Czech enthusiasts building replica of Viking vessel
A team of enthusiasts from Oslavany near Brno are building a replica of a Viking boat from the 12th century. The eight-metre boat is called Gislinge, after the Danish village where the original was discovered, and should be launched in the spring of next year.
The remains of the original Viking vessel were excavated by archaeologists in 1993 in Gislinge, a village located on the reclaimed Lammerfjord.
Analysis of the timber established that the boat was built around the year 1130 and it was most likely used for fishing and transporting both goods and people.
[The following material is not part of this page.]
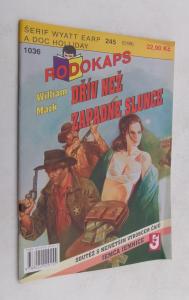 Dřív než zapadne slunce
A team of enthusiasts from the town of Oslavany in Moravia are now completing an exact copy of the Viking vessel, using local ash and oak trees.
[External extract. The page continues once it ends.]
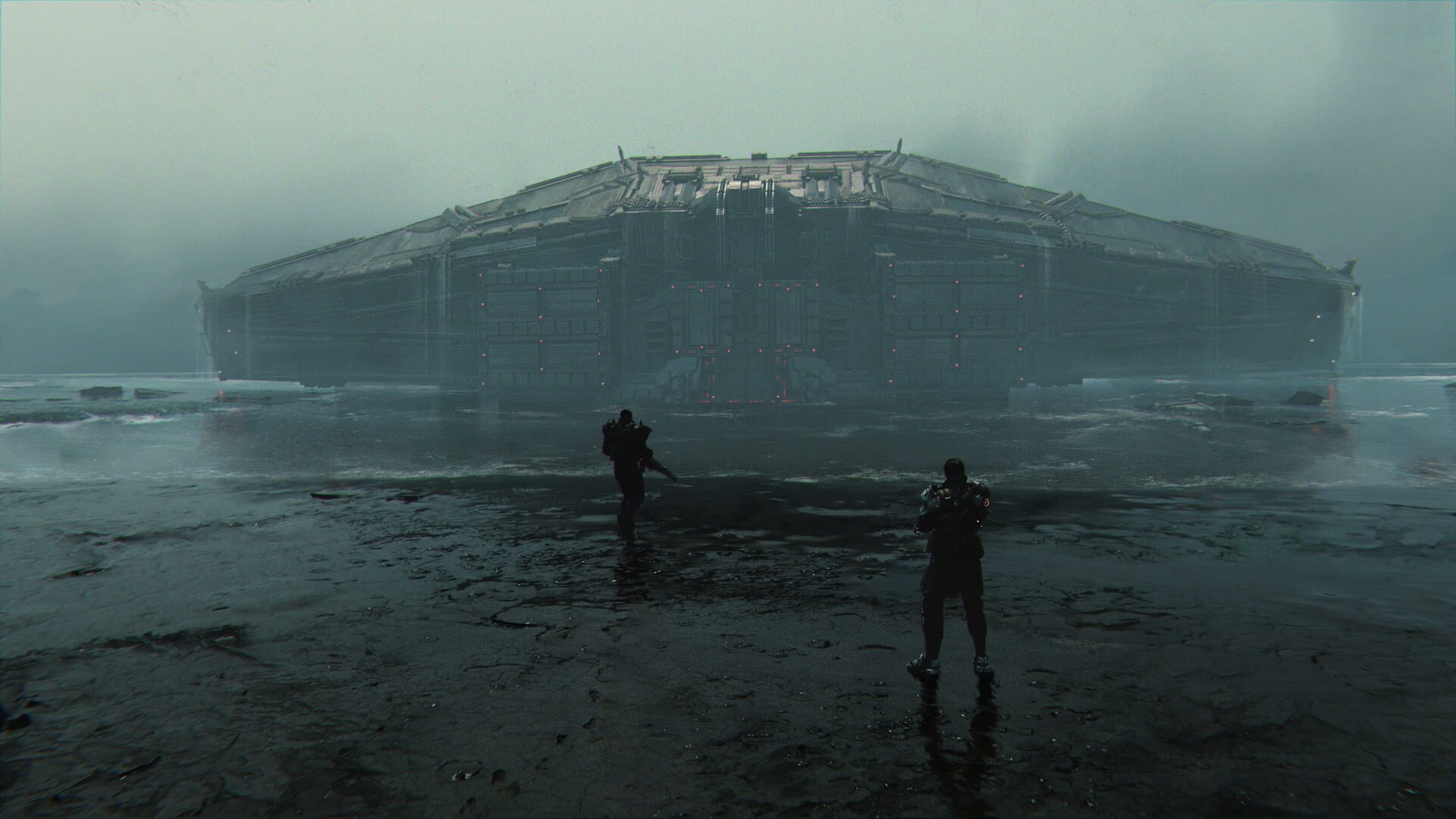 The First Descendant: Season 3 screenshot 16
Daniel Juríček, one of the members of the team, says he decided to build the replica of a Viking boat after a trip to the Baltic Sea, where he got to sail on a Viking vessel known as the drakkar.
“I have been interested in boats since I was a child. But at the time there was no internet and I had no idea that there were people in northern Europe who were building replica of drakkars and were even sailing them out to sea.”
The original Viking vessel was nearly eight metres long and 1.5 metres wide and had a cargo capacity of around one tonne, the equivalent of four men and ten sheep. With a draft of only 25 centimetres, it was able to ply both the shallow waters of the fjord and the waterways leading into and out of it.
Mr. Juríček and his two friends have been working on its exact replica for the past three years, and are now nearing its completion:
“When we started, we thought the ship would be finished in a year. But we can only work on it one day a week after work. So it has taken longer than we thought. But now there are really just a few things missing.”
To build the replica of the Viking vessel, the men are using a plan provided for free by the Roskilde Museum near Copenhagen, which focuses on preserving and promoting old crafts.
They are learning the art of shipbuilding as they go, combining old and more modern working methods and tools, explain Roman Vrána and Daniel Juríček:
“Our boat is a mix of different woods. We used a two-hundred-year-old ash tree which was felled here in Oslavany to build the stern and the tip.”
“That’s right. We were given the trunk as a gift back in 2019. A year later we found a tree for the keel; it’s an oak that we transported here from Velké Pavlovice.”
The replica of the Viking boat should be completed by the end of this year and, if everything goes according to plan, it should be launched on the Oslava River in Oslavany in the spring of next year.